#### WHAT YOU NEED TO DO
The expected answer is the full listing, repeated exactly and free of images.

#### PROVIDED DATA
·····
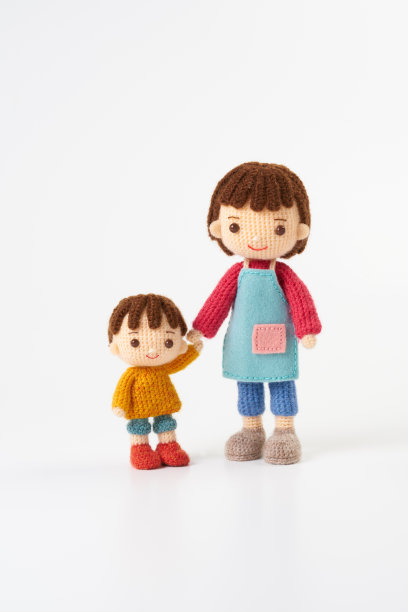 小而可爱的Amigurumi娃娃在白色的背景。照顾孩子图片下载
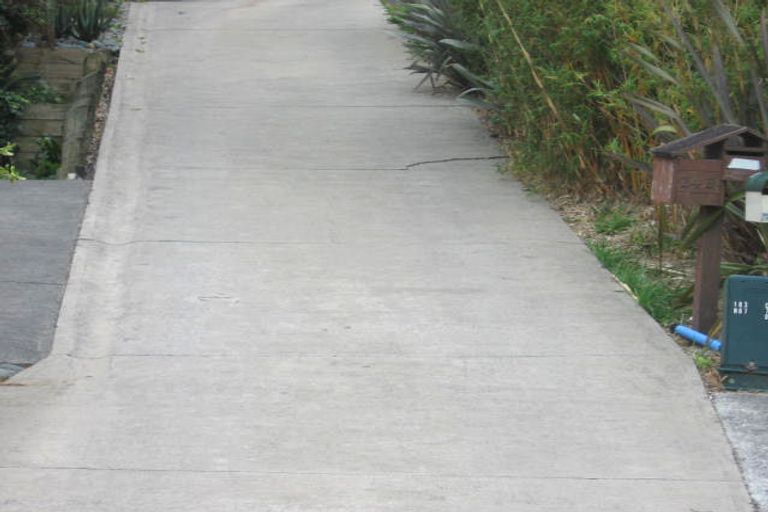 Photo of property in 2/22 Thalia Place, Totara Vale, Auckland, 0629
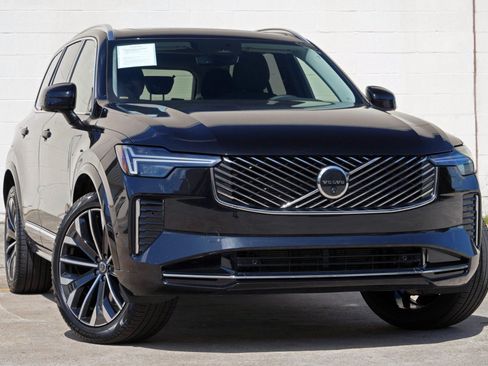 Used 2026 Volvo XC90 B6 Plus AWD/4WD image 4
·····
#### RESULT OF THE EXERCISE
 小而可爱的Amigurumi娃娃在白色的背景。照顾孩子图片下载
 Photo of property in 2/22 Thalia Place, Totara Vale, Auckland, 0629
 Used 2026 Volvo XC90 B6 Plus AWD/4WD image 4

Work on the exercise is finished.